Wednesday, April 7, 2010

Pimping is easy

This is my third or fourth attempt at blogging. But maybe I have something to write now. This blog should cover my improv, technology and cooking. Of course I forgot to incorporate cooking into the title. But since nobody is reading this anyway, who's to know.

I am not a perfectionist, but I can't leave well enough alone, always fiddling around and of course never finishing anything. So let's get to what's on my mind and see if this thing will work.

I've been doing improv for a little more than six months and it really fits into my nature of fiddling around, there is just so many things to work on at the same time.

The great thing about improv, is there are so may opportunities where the scene can radically switch between awesome and awful. There's no shortage of opportunities for self-reflection, doubt and regret. In addition every rule, tool and principle of improv is a double-edge sword.

"Yes, and" is one of the axioms of improv, it's the first thing they teach you. Agree with your partner and build on the statement/action/environment. And it works well when the initial idea is a good one, but when the idea is bad - it just kills the scene. Experienced performers can twist the "Yes, and" to a good idea, but it takes an incredible amount of confidence in your partner to recognize the shift.

The hardest part for improv is trying to figure out the difference between a "gift" and "pimping." In improv a gift is when one performer introduces an idea/object/gesture/environment which helps your scene partner. Pimping is taking advantage of your partner's "Yes, and" to force something quite difficult or out of character.

What I've been told about obvious examples are asking them to "read" or "sing" or talk another language on the spot. But that doesn't really seem "hard" to me as an improviser, nobody expects you to create a poem, sing a song or speak Chinese on the spot, but whatever the pimpee does, is going to get a laugh. And the pimp's reaction needs to stay consistent with the setup. If the Pimp says "That song was awesome, you need to sing it for me." Regardless of what dreck comes out of the pimpee's mouth, the pimp is going to have to love it (unless the pimp is just a total jerk, then you were going to get screwed during the scene anyway).

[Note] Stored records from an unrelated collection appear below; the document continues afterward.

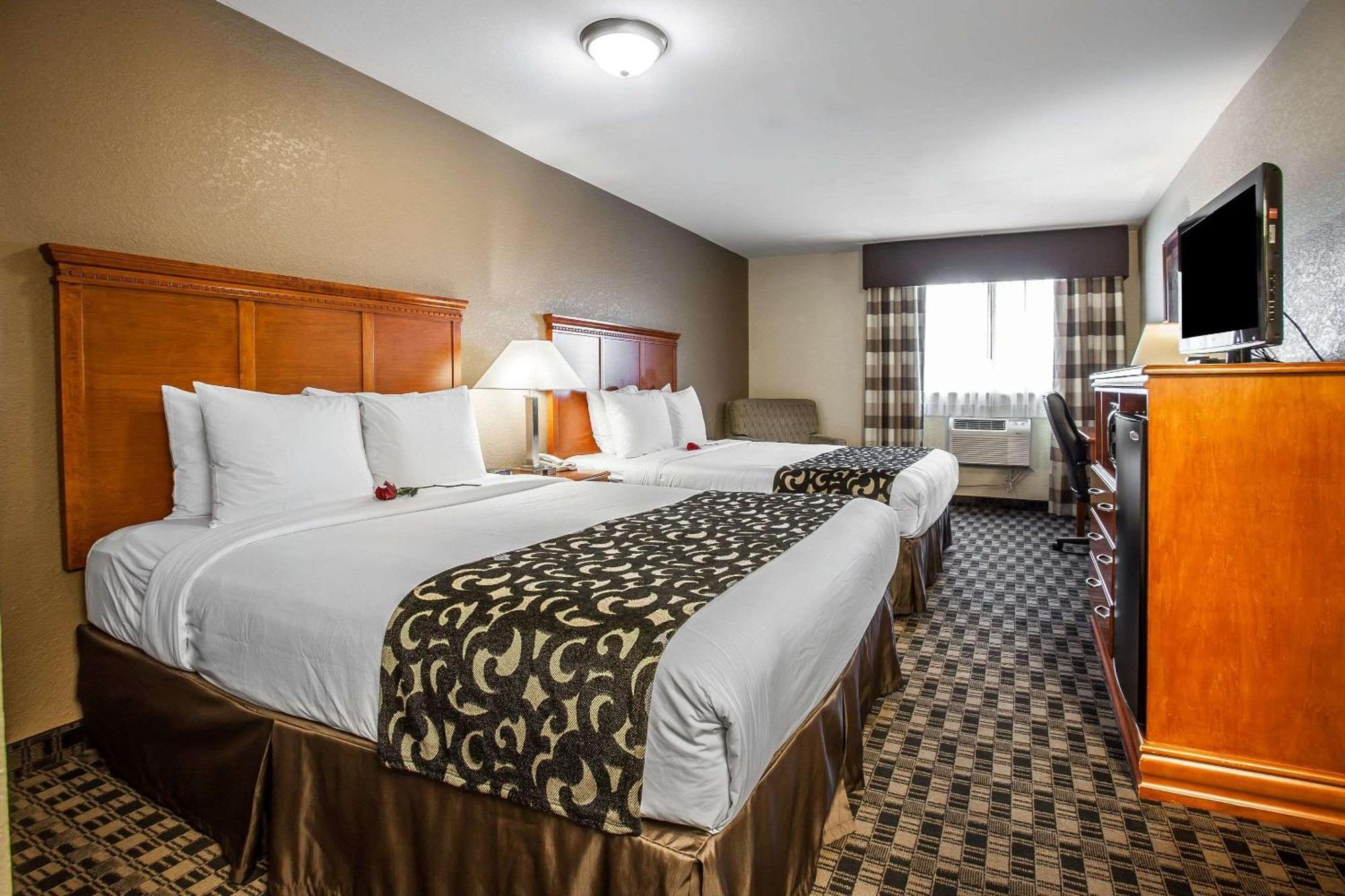 Clarion Inn Renton-Seattle Extérieur photo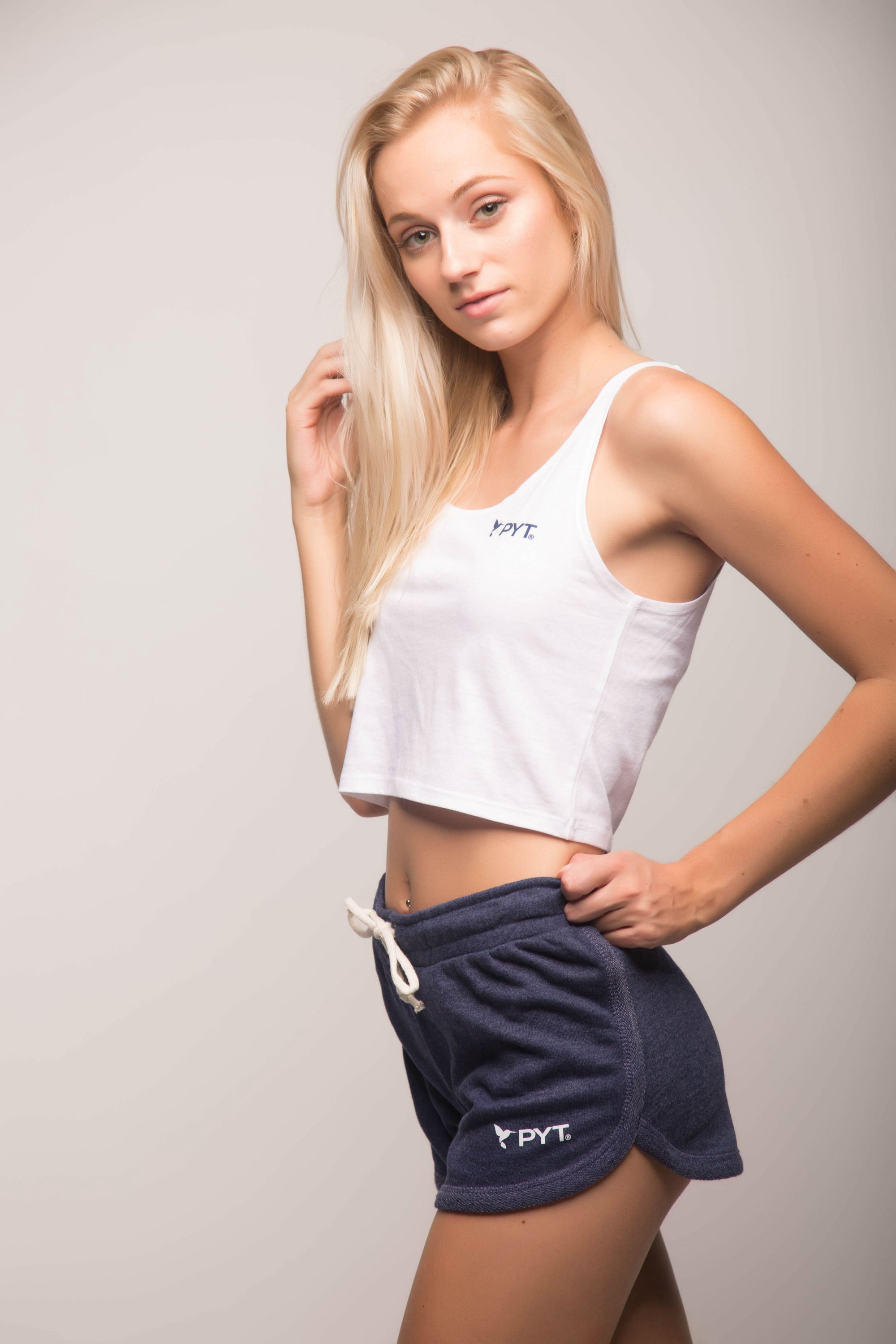 Boyfriend Shorts 2 Colors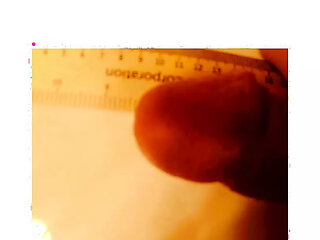 Dick Measured and pumped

For me as an improvisor, it makes the scene incredibly easy. I don't (here's where I took a two day break - and it came clear to me).

The true drawback to pimping is while it gets the laugh, moves the scene it takes the pimpee out of improvisation. The pimpee is now "just" an actor. The Pimpee is just taking direction from the pimp - and while it can easily lead to a lot of laughs if the Pimp knows what he is doing. It could go bad really quickly where the audience laughs at the pimpee for freezing up.

Now of course there's the issue where somebody has to take control of a scene. But that's for a later post.